Semi-structured interview guide

Background

What is the current context in your country with regard to HIV/AIDS and ARV drug access?

What led to the decision to locally produce patented ARVs?

Factors influencing technology transfer arrangements

What led to the development of the current TT arrangement?

What are the most important factors that shaped the transfer arrangement?

How have national policies in place affected the development of the transfer arrangements?

How have international policies affected the development of the transfer arrangements?

How has the manufacturing and technological capacity of the recipient firm affected the development of the transfer arrangements?

How would you compare your country’s situation with those of others in your region?

Process of technology transfer

How much communication is there between supplier and recipients firms?

What are the terms or conditions of the transfer arrangement?

What is/was the duration of the transfer arrangement?

What have been the processes involved in the transfer of technology?

What type of knowledge was/is exchanged during the transfer (for example, technical, informational, managerial, training, etc.)?

What are the end goals of the transfer arrangement

What was the greatest obstacle in the transfer arrangement?
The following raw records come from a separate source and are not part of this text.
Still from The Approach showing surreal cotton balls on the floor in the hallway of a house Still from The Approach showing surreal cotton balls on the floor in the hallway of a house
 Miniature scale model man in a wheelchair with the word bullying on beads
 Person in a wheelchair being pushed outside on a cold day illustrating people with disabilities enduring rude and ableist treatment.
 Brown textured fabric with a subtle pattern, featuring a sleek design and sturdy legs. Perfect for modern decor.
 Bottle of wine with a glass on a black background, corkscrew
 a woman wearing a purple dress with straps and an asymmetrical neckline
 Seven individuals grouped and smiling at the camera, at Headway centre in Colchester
What are the most important elements of effective technology transfer?

How would you compare this arrangement with other possible technology transfer arrangements in your region?

Contextual

How would you define technology?

How would you define technology transfer?

Purposive sampling also assured that those interviewed and observed had specific knowledge on the events leading to technology transfer arrangements and local manufacturing initiatives. Data collection continued until evidence collected did not produce new information or themes [19]. Interviews began with open-ended questions and progressed to a tighter structure.

Participant observation was used to gather evidence and to gain an in-depth understanding of the processes surrounding the technology transfer arrangement. One week was spent at TPI and a High Level Meeting on Intellectual Property was attended. Observations were guided by the semi-structured interview questions and were recorded based on what was observed, who was observed, and when and where the sample was observed [20].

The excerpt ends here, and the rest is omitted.